Find the line with "Une chambre à" and the line with "Lake with calm" in the entries below; output exactly those two lines, every line between them, and no others.
(INPUT FOR THIS TASK)
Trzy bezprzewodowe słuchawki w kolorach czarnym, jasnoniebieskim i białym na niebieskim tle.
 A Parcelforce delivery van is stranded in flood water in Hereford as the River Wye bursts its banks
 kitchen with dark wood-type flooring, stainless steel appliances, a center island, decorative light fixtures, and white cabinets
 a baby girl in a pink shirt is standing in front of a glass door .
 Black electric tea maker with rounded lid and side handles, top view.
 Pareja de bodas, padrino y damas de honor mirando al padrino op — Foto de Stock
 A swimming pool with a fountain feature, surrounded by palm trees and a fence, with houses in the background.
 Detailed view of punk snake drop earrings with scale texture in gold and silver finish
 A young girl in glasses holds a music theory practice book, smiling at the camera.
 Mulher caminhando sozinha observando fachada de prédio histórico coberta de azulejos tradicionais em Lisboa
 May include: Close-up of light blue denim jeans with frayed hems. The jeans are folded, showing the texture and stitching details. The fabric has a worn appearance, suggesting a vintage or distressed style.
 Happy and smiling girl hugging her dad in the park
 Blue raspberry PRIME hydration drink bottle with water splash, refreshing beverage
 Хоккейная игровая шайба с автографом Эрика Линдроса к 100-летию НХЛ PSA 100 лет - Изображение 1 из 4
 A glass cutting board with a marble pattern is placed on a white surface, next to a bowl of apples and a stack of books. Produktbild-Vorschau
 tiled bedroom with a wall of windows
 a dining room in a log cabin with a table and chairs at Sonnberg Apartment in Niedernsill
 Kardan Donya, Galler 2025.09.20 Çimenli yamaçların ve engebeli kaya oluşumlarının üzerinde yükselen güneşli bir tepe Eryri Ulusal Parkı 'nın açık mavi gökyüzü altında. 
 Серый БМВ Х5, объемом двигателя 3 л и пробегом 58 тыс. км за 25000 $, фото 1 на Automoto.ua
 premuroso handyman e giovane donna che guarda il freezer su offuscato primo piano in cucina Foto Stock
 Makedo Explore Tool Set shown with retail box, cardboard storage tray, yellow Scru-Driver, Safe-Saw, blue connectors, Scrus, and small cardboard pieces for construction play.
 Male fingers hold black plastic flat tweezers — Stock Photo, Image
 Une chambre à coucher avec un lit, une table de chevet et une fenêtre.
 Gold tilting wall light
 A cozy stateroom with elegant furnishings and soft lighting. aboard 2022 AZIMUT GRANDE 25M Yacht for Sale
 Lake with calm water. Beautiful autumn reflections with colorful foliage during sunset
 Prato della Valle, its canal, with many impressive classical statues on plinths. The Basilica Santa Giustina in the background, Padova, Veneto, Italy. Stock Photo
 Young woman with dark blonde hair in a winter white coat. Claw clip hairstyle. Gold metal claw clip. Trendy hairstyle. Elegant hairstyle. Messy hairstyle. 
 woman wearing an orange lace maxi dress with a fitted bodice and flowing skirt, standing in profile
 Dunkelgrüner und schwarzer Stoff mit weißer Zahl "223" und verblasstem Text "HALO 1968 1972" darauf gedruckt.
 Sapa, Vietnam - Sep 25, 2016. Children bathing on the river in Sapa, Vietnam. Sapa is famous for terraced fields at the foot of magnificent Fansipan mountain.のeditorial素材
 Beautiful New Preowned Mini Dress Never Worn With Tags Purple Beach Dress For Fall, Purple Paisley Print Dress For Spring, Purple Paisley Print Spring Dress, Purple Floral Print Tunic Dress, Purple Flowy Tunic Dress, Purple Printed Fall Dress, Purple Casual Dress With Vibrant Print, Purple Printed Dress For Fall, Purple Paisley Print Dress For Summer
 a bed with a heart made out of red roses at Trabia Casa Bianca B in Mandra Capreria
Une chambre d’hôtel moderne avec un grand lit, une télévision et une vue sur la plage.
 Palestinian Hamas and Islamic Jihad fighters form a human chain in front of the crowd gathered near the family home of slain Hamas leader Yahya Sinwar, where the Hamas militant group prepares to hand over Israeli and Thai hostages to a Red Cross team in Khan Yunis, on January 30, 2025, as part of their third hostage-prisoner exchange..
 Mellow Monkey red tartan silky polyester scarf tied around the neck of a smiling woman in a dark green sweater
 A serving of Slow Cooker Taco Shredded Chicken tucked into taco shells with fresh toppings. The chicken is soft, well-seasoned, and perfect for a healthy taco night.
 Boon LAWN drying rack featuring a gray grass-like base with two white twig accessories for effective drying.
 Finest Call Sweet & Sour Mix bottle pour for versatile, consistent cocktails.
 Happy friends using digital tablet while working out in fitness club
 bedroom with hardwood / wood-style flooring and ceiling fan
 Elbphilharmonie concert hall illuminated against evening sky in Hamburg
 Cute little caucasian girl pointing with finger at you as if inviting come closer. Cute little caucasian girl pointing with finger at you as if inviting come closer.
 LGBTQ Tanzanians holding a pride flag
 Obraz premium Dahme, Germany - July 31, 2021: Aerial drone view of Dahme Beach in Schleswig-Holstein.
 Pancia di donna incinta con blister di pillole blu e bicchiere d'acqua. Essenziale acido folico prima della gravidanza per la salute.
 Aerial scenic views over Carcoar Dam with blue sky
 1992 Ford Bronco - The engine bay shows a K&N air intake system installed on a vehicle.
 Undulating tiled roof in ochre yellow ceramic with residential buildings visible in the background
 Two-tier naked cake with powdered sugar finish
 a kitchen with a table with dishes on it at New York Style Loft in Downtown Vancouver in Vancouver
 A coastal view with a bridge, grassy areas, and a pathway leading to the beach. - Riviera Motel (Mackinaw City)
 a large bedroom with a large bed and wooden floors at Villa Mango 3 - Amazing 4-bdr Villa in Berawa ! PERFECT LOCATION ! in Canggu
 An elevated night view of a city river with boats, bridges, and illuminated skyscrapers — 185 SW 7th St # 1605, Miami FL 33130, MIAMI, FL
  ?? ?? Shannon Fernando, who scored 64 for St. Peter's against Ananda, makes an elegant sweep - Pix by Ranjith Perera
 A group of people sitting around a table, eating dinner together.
(End INPUT FOR THIS TASK)
**RESPONSE BOX**
 Une chambre à coucher avec un lit, une table de chevet et une fenêtre.
 Gold tilting wall light
 A cozy stateroom with elegant furnishings and soft lighting. aboard 2022 AZIMUT GRANDE 25M Yacht for Sale
 Lake with calm water. Beautiful autumn reflections with colorful foliage during sunset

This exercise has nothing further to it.